Mr. Altahawi stated, "After a lapse of one year since February 1st, 2017, I did seek a legal opinion to lift the restricted legend on my shares in reliance on the Rule 144 exemption (One year holding period). I obtained the legal opinion from a securities lawyer, and I sold some of my consultancy shares. (The SEC alleges that I violated section 5, for selling unregistered securities). The intent of the agreement was that the two million shares were to be issued on February 1st, 2017 because of the advisory work that was rendered since 2015. To be clear, the equity component was compensation for work already done by me as a consultant to Longfin subsidiary since 2015."
The SEC alleged, "Between January 31, 2018 and March 6, 2018, Altahawi acquired 121,000 additional restricted shares of Longfin from ten of the December 6 Shareholders (the "Private Transaction Shares"). Altahawi's agreements with the ten shareholders were memorialized in a single stock purchase agreement, dated January 12, 2018, even though the ten individuals from whom Altahawi purchased were located in multiple locations. Altahawi agreed to purchase the 121,000 shares at a price of $30 per share, well below the market price for Longfin shares on January 12."

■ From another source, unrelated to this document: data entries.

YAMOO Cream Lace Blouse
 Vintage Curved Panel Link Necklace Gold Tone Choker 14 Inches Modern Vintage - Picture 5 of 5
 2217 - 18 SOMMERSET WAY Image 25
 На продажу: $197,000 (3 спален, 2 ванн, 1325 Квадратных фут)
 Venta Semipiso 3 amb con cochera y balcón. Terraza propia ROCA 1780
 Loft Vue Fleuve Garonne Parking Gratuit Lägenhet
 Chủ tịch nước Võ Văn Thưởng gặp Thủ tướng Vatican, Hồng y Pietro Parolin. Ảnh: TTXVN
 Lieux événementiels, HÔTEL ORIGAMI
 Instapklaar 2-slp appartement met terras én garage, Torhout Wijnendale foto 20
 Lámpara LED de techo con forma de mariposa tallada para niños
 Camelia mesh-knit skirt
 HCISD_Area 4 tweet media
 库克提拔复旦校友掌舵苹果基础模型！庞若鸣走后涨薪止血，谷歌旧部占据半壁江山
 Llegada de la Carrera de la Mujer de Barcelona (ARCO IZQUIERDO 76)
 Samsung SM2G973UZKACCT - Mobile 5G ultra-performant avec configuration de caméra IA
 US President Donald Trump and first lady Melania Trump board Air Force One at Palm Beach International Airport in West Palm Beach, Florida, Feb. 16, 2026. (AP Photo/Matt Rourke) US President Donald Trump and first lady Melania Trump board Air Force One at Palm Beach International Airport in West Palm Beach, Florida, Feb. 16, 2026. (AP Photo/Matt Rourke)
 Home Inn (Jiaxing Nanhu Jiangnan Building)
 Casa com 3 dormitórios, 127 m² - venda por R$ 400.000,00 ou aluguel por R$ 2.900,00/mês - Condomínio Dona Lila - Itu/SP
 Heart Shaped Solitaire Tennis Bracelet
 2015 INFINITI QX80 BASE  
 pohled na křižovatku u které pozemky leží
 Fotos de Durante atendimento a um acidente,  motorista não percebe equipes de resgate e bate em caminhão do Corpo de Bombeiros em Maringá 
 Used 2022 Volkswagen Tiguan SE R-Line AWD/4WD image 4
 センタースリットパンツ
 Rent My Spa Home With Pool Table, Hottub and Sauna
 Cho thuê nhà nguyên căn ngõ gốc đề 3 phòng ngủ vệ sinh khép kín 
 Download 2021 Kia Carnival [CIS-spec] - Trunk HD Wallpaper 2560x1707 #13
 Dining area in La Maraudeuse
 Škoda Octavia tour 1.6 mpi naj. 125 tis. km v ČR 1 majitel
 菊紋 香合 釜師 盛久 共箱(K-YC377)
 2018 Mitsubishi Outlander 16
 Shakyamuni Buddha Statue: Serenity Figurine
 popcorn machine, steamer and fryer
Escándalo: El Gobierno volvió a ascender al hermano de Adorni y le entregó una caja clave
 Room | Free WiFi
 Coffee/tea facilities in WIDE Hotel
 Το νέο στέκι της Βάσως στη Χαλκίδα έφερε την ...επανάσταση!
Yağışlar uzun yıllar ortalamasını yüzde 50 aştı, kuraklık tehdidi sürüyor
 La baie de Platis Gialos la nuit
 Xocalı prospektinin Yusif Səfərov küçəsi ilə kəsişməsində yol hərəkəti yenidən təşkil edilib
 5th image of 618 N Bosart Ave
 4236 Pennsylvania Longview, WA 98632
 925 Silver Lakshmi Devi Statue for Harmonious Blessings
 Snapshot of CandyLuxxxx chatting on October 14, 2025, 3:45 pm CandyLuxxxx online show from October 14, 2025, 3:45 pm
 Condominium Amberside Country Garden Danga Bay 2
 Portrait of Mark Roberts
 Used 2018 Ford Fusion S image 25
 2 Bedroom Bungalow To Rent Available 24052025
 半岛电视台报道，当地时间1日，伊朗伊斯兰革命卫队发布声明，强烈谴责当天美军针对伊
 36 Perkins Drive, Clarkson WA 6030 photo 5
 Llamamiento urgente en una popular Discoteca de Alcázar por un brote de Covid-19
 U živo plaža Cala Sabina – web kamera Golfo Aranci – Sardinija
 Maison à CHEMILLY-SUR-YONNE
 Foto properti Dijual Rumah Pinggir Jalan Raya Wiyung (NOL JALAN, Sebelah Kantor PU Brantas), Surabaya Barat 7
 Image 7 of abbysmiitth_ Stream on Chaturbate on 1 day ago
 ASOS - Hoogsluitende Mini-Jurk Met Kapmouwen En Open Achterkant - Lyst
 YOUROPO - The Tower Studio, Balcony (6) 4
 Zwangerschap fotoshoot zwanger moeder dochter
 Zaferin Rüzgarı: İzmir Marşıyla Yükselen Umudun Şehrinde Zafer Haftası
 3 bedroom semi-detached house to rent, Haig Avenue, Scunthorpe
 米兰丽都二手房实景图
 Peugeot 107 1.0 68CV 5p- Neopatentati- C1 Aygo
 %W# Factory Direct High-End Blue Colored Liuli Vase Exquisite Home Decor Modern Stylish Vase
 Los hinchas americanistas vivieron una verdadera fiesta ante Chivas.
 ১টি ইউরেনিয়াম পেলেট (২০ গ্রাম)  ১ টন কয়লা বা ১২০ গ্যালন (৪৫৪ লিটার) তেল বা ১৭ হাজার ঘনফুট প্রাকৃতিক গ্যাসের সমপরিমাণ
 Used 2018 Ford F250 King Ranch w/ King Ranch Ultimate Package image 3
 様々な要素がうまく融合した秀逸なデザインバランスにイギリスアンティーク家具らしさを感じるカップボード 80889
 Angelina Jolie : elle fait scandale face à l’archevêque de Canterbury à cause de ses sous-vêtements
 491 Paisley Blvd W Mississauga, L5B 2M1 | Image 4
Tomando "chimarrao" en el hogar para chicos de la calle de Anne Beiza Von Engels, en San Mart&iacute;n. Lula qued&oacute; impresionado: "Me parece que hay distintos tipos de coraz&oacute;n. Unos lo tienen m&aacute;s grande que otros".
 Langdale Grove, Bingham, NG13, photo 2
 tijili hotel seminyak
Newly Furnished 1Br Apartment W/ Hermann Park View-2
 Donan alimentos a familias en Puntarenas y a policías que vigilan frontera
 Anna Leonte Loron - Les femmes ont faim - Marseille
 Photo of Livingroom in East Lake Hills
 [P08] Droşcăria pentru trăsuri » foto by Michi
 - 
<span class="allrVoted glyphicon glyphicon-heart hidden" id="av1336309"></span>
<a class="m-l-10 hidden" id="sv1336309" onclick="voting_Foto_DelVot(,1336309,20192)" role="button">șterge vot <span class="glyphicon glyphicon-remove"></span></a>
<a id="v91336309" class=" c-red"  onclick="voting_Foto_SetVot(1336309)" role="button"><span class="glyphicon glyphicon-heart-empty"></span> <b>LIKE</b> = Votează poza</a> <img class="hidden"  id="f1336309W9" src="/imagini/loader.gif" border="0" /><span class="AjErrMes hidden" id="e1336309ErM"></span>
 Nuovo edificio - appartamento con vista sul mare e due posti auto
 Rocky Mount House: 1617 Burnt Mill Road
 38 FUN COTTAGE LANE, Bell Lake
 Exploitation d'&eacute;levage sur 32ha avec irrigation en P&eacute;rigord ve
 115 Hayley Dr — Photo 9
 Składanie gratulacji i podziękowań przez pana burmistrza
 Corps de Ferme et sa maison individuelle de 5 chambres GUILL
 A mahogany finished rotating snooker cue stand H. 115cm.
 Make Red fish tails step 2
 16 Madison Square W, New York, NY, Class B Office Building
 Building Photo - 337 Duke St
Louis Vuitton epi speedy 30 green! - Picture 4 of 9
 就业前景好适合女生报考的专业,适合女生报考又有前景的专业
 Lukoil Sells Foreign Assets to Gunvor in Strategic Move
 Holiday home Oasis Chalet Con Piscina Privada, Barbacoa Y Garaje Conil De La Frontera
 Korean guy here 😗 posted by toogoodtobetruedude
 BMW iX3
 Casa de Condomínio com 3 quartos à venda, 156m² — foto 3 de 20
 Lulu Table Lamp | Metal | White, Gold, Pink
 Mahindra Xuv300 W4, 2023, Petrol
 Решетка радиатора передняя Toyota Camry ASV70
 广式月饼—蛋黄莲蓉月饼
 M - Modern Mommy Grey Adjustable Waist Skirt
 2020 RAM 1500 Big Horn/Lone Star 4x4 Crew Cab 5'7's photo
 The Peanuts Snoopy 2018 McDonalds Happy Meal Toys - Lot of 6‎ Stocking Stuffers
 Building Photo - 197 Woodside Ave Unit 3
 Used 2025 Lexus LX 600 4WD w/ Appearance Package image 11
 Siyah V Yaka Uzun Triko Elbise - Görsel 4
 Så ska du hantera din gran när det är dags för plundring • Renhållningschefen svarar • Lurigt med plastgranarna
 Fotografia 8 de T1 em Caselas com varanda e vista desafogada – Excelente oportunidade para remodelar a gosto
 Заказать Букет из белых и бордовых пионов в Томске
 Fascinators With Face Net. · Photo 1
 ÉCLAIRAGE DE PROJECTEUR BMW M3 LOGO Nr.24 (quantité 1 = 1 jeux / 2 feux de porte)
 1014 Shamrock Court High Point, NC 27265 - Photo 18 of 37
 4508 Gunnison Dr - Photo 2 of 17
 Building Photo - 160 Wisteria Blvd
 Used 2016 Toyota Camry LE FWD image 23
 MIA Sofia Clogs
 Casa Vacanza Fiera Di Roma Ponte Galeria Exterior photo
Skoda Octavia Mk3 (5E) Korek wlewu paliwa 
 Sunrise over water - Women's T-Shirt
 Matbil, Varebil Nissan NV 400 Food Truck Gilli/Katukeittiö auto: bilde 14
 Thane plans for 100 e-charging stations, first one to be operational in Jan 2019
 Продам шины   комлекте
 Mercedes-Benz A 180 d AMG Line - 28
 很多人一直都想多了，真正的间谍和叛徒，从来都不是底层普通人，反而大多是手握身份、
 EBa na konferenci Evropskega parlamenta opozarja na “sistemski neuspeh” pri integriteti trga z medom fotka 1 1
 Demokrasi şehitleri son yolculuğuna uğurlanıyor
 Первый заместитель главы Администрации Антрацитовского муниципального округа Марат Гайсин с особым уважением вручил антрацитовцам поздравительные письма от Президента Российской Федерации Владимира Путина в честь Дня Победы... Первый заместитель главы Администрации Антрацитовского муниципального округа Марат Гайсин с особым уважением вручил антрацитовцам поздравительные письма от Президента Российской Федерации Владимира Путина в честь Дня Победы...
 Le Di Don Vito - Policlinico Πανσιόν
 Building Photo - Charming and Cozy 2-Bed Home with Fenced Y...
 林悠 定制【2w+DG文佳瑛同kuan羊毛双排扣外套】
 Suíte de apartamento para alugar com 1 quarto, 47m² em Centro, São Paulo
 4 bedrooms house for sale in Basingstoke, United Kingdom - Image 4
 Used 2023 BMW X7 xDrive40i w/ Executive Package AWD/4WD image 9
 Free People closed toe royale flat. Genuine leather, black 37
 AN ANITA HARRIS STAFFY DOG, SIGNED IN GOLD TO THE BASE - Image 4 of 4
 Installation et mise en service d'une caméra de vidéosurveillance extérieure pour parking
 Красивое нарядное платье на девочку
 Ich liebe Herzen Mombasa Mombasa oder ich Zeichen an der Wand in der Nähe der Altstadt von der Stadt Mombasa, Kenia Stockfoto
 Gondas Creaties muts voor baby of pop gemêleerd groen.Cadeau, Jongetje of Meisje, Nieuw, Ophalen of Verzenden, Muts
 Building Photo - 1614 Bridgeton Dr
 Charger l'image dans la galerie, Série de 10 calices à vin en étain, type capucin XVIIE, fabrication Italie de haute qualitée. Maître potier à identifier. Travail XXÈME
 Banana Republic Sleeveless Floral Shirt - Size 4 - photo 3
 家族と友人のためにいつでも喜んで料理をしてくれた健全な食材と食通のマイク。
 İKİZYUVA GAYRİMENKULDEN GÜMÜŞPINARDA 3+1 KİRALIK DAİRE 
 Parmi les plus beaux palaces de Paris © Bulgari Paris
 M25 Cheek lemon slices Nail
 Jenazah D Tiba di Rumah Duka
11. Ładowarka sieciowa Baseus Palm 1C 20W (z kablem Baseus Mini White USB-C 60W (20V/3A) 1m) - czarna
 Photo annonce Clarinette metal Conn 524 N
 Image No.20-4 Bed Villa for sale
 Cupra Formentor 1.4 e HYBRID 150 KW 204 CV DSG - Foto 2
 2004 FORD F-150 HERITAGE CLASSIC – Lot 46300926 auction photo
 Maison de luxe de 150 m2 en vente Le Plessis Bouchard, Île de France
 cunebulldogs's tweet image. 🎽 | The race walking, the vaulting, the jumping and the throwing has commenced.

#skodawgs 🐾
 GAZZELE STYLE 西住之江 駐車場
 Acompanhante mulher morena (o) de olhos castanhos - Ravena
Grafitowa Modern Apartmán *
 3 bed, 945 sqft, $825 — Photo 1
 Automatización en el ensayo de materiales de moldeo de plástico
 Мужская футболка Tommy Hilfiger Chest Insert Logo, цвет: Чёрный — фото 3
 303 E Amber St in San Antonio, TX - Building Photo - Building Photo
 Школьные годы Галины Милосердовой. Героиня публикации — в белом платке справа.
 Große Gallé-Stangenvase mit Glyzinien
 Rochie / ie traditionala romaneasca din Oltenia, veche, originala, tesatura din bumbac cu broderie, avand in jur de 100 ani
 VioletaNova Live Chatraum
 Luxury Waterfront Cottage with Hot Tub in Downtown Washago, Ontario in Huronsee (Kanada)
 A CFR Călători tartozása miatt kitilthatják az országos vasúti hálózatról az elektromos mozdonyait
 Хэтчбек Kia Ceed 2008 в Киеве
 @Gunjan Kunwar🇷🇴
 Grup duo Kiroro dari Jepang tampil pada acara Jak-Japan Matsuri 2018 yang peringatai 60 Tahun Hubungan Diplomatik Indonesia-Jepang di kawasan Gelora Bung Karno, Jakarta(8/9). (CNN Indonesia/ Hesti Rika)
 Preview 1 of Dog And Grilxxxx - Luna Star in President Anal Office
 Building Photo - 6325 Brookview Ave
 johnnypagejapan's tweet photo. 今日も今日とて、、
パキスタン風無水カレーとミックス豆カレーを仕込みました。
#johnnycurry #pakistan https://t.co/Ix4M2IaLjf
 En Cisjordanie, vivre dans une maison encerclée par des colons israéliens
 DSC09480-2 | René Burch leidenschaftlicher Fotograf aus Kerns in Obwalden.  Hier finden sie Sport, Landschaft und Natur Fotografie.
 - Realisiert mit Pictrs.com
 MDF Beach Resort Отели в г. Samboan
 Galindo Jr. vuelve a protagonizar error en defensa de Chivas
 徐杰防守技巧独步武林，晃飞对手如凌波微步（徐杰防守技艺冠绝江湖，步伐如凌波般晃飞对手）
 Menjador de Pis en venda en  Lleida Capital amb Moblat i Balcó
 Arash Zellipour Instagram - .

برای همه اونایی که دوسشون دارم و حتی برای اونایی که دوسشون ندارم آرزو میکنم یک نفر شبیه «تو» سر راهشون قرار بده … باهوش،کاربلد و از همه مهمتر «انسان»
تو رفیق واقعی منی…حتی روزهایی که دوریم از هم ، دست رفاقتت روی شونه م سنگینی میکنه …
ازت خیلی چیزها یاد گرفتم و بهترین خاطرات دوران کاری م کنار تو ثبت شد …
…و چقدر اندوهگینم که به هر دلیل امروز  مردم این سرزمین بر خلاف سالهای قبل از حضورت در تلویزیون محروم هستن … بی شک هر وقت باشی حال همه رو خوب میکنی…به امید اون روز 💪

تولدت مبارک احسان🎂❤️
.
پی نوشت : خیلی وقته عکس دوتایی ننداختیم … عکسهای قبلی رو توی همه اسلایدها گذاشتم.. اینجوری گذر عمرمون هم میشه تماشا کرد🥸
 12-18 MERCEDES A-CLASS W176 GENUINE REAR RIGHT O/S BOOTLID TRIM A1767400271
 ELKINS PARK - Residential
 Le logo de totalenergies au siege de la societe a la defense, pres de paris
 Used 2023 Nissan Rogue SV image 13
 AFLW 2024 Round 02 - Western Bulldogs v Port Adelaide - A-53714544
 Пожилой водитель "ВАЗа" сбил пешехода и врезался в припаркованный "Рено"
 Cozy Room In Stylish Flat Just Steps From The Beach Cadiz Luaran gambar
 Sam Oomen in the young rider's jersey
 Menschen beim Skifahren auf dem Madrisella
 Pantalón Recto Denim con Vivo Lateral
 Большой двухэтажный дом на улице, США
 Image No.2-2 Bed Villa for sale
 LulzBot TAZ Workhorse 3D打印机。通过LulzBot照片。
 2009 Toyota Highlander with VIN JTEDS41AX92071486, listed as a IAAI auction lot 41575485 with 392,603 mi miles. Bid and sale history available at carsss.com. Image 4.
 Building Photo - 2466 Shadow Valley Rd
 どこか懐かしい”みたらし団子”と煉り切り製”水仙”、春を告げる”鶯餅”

Mr. Altahawi stated, "I acquired additional shares from several private parties who desired to sell their shares, and due to their country's restrictions, they couldn't open a US based brokerage account. Those shares were acquired by those investors during the direct public offering as far as I know, the company was allowed by its June 16th, 2017 SEC Regulation "A" qualification to sell shares directly to its investors and receive the funds directly to the company account, which explained in detail in my April 17th, 2018 court declaration."
Mr. Altahawi finally stated that, "I will continue to work as a consultant to help young companies go public, and I will be very careful not to violate my settlement agreement with the SEC or any rules or regulations, and according to my settlement agreement with the SEC, I do not admit nor deny the alleged violations."